Por Lola Fernández.
Uno de esos conceptos en que apenas nadie coincide a la hora de explicarlo, aunque seguramente en el fondo estén todos de acuerdo, es el de la belleza. Puede entenderse como emanando de nosotros, o como estímulo que nos llega desde fuera, pero por lo general si hubiera que definirla, casi siempre se recurriría al placer: la belleza provoca sensaciones y sentimientos placenteros, de agrado, de atracción; frente a la fealdad, que causa rechazo y nos desagrada. Esto, claro está, siempre que nos movamos entre las coordenadas de la objetividad, pues si alcanzamos los dominios de lo subjetivo, todo puede volverse patas arriba, porque hay personas a quienes el mismo concepto de belleza les repele, dado su amor por el feísmo, que otorga valor estético a lo repugnante. En pintura, hablando de Arte, tan indisolublemente unido a la belleza, o a su carencia, tenemos, por ejemplo, por un lado, a Sandro Botticelli, cuyas obras, quedémonos con El nacimiento de Venus y La Primavera, podrían servir perfectamente para entender grosso modo el culto a la belleza; y, por otro lado, quien conozca la obra de Francis Bacon, puede encontrar en ella deformaciones y rasgos más que suficientes para hablar de cualquier cosa excepto de cánones clásicos de lo hermoso. Hasta aquí estaríamos en lo que podemos llamar belleza exógena, la que, desde el mundo externo, penetra en nuestro interior, a través del filtro de las personalidades individuales, nunca iguales entre sí. Y si en ella encontraremos dificultades a la hora de unificar concepciones, no te arriendo la tarea si entramos en las dimensiones de la belleza endógena, aquella que busca la luz desde el interior de las personas.
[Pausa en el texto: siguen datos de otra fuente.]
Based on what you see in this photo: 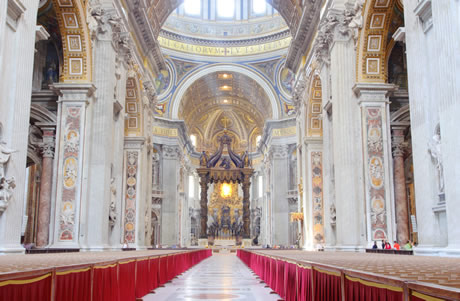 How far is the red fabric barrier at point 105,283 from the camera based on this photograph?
448cm

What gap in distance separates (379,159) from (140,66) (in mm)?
10657

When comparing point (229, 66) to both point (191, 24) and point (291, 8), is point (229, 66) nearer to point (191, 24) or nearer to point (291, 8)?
point (191, 24)

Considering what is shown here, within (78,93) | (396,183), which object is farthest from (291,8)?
(78,93)

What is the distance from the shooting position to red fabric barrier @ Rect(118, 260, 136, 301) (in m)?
5.64

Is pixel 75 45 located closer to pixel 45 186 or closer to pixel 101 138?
pixel 101 138

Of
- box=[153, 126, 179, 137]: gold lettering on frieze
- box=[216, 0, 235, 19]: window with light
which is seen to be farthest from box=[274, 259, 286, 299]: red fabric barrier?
box=[216, 0, 235, 19]: window with light

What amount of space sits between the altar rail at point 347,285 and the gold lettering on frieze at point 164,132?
27.4 metres

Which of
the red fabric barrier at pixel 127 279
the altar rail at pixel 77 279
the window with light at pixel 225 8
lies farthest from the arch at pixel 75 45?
the window with light at pixel 225 8

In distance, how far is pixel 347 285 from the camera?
3.25 m

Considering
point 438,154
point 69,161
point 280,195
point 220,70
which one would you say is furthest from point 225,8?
point 438,154

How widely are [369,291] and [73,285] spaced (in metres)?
2.24

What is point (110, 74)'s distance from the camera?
44.8ft

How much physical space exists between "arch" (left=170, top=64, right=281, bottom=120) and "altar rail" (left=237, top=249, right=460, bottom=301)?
27831 millimetres

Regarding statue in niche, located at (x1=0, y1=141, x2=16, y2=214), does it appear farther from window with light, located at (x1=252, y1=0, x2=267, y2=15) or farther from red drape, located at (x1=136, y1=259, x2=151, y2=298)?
window with light, located at (x1=252, y1=0, x2=267, y2=15) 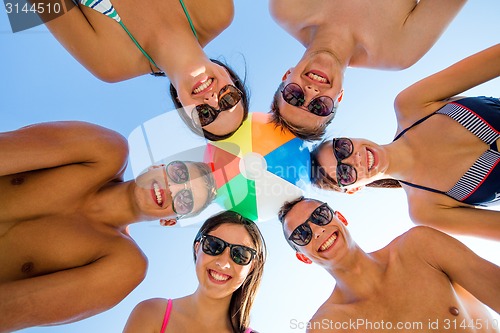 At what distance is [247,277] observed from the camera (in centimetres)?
340

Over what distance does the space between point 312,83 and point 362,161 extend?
0.78 m

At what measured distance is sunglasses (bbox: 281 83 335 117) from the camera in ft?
10.6

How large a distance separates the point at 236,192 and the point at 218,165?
0.31m

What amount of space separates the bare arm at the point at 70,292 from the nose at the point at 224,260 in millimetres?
688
¿Qué hace que para nosotros una persona sea bella: los rasgos físicos, los valores, la actitud, sus maneras, la conducta desplegada en cada momento y circunstancia, sus aptitudes, el conjunto de todo ello, o nada de esas cualidades? ¿Preferimos la perfección y el saber estar, o nos atrae cierta imperfección y que cada quien vaya aprendiendo poco a poco y no sea un ejemplo de excelencia desde el minuto cero? Casi seguro que a nadie nos gusta que alguien mienta, o se muestre arrogante y fatuo mientras nos mira de arriba abajo; que nos desagrada la gente violenta, o maleducada, o egoísta, o traicionera, o que, generalmente, nos hace sentirnos mal cuando se adentra en las fronteras de nuestra intimidad. Pero tampoco en esto se dan exactitudes y certeza, porque, vistas desde fuera, hay atracciones y fascinaciones fatales que son irresistibles para el más pintado. Tal vez, y ello implica incertidumbre, buscamos aquello en lo que hallar cierta identificación personal, teniendo en cuenta lo que esto supone de experiencias previas, prejuicios adquiridos y factores culturales y educativos. O quizás tan sólo nos dejamos llevar sin más condicionantes cognitivos, y la belleza es todo lo que nos gusta –el elemento subjetivo por encima del objetivo-, sin mayores complicaciones. Todos nos sentimos más inclinados por una música, unos paisajes, un cielo, unas ciudades, unas personas, un libro, y unas vivencias en general, que por otros. Y de ahí surgen las afinidades con unas personas más que con otras, y la antipatía que sentimos por otra gente con la que no sólo no coincidimos en casi nada, sino que nos provoca una firme repulsa. Todo ello sin obviar que aquí podríamos introducir la temática de la atracción de los contrarios, que por hoy me parece que sería ya rizar el rizo; mejor elijo una fotografía para este artículo, que me parece que encierra mucha belleza, no sé si objetiva o sencillamente subjetiva.